Last month @maubagnato and I completed our first experience of holding a dedicated class about Agile SW development in the Computer Science degree course at University of Salerno.
What a great time interacting with clever guys eager to learn and experiment new things!
It was long ago we started discussing the opportunity of sharing some of our learning and experience with our local university where we hire most of our people from, since we found essential to instill a culture of agility into the new generation of students, who, after more than 10 years from signing the Agile Manifesto, are still taught mostly traditional SW development techniques and lack an accurate introduction into state-of-the-art methods and practices.
Consider that almost no student we met knew even the name “Scrum” before we taught them.

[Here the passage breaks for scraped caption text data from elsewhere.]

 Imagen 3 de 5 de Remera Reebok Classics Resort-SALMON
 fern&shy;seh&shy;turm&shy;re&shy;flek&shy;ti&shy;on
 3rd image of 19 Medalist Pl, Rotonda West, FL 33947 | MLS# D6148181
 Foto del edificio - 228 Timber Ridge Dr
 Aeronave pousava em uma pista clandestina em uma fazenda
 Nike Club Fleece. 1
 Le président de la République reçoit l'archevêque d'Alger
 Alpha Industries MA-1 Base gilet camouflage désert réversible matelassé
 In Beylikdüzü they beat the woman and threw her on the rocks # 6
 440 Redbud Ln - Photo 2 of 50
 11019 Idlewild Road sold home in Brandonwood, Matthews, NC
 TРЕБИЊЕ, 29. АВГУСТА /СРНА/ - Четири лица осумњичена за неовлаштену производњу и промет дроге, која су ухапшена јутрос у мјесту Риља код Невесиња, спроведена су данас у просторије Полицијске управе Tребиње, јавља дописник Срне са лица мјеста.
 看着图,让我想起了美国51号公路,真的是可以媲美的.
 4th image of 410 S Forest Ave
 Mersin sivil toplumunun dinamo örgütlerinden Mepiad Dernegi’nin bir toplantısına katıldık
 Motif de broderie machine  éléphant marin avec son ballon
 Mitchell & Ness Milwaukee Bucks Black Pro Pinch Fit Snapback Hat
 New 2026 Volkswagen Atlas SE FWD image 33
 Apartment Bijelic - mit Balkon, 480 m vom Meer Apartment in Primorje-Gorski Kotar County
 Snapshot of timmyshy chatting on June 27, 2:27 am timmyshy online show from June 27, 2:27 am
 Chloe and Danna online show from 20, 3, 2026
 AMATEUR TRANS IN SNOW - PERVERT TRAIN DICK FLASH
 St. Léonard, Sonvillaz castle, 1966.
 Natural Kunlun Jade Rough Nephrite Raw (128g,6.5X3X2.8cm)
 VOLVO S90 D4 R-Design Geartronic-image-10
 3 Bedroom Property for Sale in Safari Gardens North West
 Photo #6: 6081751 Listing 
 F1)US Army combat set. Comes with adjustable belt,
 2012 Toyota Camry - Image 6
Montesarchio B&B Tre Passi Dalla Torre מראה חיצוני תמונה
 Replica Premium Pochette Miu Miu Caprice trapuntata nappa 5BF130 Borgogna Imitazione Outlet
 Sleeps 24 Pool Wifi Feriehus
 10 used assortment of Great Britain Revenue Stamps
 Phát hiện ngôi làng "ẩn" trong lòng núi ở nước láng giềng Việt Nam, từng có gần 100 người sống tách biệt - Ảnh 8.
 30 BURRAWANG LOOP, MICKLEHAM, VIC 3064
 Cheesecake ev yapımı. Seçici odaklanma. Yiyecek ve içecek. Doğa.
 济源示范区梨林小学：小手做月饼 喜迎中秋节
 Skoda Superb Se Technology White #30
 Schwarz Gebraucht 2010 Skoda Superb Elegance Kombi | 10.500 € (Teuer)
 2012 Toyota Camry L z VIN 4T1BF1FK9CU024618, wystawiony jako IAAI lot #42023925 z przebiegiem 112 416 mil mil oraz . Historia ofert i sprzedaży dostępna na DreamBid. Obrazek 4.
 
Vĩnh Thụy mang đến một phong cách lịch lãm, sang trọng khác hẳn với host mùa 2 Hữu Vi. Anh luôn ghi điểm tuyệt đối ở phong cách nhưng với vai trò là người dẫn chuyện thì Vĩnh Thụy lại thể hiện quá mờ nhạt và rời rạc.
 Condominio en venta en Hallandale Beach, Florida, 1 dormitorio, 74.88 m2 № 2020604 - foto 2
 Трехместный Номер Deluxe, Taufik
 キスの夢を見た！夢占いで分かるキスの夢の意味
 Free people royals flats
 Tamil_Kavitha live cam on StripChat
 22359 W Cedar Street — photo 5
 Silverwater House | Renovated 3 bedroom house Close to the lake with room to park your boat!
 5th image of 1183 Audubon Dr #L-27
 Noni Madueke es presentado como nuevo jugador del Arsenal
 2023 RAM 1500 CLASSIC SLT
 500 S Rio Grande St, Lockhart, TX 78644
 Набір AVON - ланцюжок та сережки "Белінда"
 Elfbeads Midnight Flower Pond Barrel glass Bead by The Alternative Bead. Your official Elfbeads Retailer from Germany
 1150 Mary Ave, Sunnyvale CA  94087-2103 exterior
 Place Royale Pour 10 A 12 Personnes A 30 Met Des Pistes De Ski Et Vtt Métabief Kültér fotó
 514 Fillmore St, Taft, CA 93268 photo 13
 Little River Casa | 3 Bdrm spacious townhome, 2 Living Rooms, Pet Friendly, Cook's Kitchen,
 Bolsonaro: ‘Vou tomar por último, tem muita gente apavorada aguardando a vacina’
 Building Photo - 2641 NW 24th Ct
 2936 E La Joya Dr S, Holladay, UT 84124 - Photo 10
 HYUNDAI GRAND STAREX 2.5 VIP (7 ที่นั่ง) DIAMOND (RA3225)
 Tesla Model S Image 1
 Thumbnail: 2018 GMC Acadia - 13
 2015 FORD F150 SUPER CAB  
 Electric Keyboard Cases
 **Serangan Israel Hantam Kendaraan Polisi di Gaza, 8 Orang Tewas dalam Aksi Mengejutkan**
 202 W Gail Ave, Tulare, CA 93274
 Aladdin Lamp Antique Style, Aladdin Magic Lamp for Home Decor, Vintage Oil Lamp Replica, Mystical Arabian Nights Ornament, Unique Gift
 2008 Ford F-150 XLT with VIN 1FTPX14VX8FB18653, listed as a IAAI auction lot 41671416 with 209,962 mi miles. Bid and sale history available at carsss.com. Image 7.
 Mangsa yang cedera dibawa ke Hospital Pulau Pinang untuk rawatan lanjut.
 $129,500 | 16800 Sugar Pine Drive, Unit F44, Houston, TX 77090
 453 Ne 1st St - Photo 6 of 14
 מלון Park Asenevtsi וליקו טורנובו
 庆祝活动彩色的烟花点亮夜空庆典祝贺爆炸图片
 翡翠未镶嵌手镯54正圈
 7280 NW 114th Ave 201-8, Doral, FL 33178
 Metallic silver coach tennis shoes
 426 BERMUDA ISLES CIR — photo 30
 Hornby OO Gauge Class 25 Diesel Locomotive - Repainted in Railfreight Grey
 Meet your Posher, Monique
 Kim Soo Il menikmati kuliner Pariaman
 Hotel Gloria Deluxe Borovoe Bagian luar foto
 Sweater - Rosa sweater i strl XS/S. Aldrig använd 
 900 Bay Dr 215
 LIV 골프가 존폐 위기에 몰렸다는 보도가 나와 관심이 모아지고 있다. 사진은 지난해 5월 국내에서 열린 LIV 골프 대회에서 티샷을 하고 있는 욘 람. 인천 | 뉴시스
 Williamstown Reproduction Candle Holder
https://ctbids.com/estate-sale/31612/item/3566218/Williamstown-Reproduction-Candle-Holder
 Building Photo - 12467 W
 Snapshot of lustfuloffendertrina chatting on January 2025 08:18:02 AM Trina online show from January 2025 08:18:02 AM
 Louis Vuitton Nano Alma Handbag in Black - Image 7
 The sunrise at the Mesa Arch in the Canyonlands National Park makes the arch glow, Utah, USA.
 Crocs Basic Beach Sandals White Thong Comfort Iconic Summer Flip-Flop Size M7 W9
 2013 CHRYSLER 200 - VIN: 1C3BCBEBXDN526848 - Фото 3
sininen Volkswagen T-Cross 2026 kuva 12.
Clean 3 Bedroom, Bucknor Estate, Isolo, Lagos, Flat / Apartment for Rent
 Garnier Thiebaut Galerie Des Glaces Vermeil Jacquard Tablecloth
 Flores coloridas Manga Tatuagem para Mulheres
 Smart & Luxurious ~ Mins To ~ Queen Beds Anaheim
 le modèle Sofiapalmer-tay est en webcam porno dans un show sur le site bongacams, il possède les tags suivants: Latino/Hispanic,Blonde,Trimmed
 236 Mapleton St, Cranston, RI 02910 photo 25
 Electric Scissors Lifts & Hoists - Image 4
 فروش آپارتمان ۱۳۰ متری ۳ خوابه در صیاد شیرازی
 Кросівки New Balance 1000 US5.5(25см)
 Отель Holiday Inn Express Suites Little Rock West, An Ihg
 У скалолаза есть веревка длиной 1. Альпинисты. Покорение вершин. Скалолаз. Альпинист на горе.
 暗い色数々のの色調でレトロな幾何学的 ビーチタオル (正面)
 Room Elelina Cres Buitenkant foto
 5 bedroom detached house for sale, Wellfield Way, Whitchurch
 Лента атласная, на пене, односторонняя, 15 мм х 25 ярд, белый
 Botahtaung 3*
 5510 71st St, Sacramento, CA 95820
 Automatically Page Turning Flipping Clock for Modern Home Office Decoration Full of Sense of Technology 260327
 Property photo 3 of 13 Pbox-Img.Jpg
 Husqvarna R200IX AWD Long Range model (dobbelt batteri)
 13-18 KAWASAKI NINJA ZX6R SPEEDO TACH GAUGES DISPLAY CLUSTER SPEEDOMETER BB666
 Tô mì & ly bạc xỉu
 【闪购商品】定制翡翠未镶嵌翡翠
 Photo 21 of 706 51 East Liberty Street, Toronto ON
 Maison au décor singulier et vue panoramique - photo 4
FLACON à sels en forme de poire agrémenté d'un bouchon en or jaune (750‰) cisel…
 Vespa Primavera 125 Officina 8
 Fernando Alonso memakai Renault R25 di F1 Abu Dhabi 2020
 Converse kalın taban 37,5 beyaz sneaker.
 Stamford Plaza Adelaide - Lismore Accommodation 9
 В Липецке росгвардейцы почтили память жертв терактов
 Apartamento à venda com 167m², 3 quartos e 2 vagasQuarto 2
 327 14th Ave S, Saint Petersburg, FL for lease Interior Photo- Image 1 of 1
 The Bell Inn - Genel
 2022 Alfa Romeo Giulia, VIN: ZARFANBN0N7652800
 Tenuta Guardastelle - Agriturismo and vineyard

So last year we managed to convince an interested professor to give us 10% of his 60-hours SW engineering class to talk about Scrum and SW craftsmanship.
The response from the students was so enthusiastic, that rumors flew very fast around and another illuminated professor came with the idea of organizing a 20-hours class about Agile, containing all subjects we considered important.
It was the chance we were waiting for.
So we designed our class, which we named “Agile methods and practices”.
Yes, because that’s what we think an Agile team needs to be successful: using an effective method like Scrum to organize the work, but at the same time master effective practices to get the job done.
That’s why we decided to present Scrum in the first half of the course (where we could leverage on our 400+ class hours experience in teaching Scrum to Teams and Product Owners) as a simple, effective and educational framework to help a group of people become a high-performing agile team.
However, being very conscious that Scrum is not enough to sustain an effective agile SW development, we wanted to spend at least the same amount of time to explore together “The Land that Scrum forgot”.
But how to do that?
But how to do that?
While teaching and coaching our Scrum teams on SW craftsmanship, we realized how difficult is for people used to develop SW with a traditional approach even imagine how it can be possible to have an emerging architecture, or doing the analysis by writing Acceptance Tests or writing iteratively Unit Tests before even thinking at the code and continuously re-factor the code.
Therefore we needed to create a consistent story!
Our approach was then to zoom inside a Sprint and practically show how a selection of agile methods and practices could be used effectively to transform a User Story in a potentially shippable product increment.
Yes, because this is the real challenge for a Scrum team: get a bunch of User Stories done without doing a mini-waterfall inside the Sprint.
The framework we proposed during the lectures was the following:
- Use Behaviour Driven Development to collaboratively write Acceptance Test scenarios out of a User Story
- Use Test Driven Development and Pair Programming to write the minimum amount of code to make a single Acceptance Test passed
- Use Continuous Integration to make sure you always have a potentially shippable product increment
- Repeat the approach iteratively until all Acceptance Tests are passed and then all User Stories are done
We did this by assigning them a real SW project to develop in teams, partly during the lectures and partly as homework.
Obviously our ambition could not be to make them learn these practices in few hours, but mainly to create awareness and stimulate curiosity about alternative ways of thinking about SW development than what they are taught everyday. However what some of them achieved, regardless the small amount of time available was really incredible, as one can smell from this link.
Given the feedback we got from the students, the class was appreciated, also because of the interactive teaching techniques we used to get the content through.